The lines to reproduce from the material below are those from the one containing "Lampadario Miira 4" through the one containing "Vivienne Westwood Utility", both included; write them out exactly and add nothing.

* [INPUT DATA]
::::::
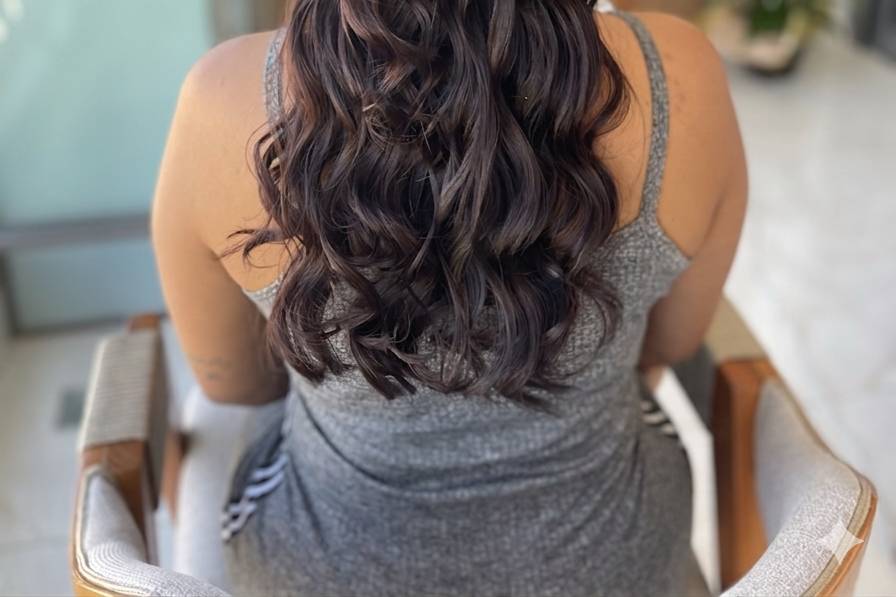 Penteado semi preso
::::::
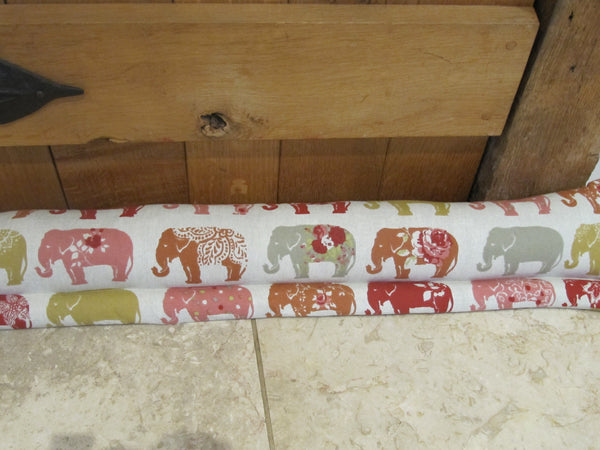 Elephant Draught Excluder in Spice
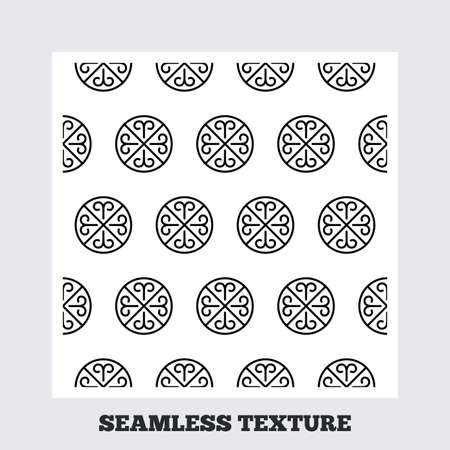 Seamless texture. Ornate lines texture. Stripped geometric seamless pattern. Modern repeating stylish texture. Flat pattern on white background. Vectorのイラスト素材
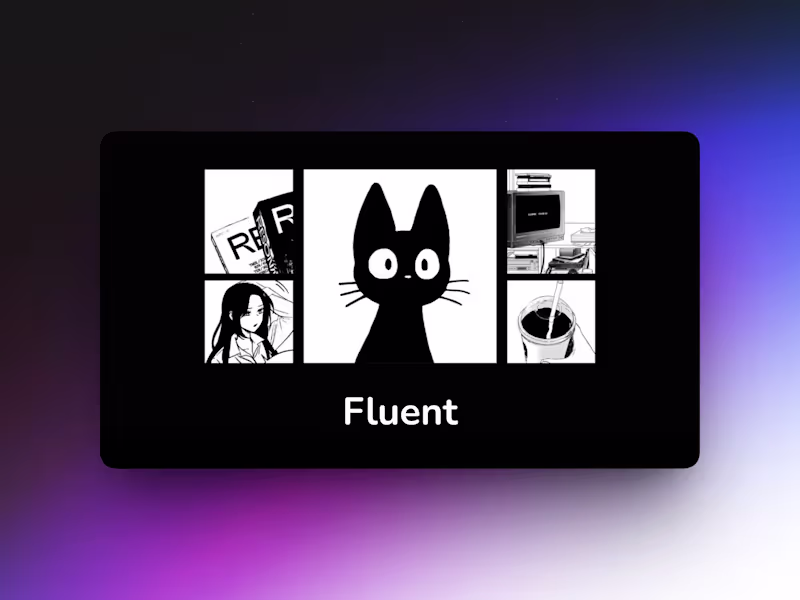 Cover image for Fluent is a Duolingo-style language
::::::
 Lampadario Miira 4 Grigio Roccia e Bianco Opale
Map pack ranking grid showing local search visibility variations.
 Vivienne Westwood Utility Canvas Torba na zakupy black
::::::
* [REPLY]
 Lampadario Miira 4 Grigio Roccia e Bianco Opale
Map pack ranking grid showing local search visibility variations.
 Vivienne Westwood Utility Canvas Torba na zakupy black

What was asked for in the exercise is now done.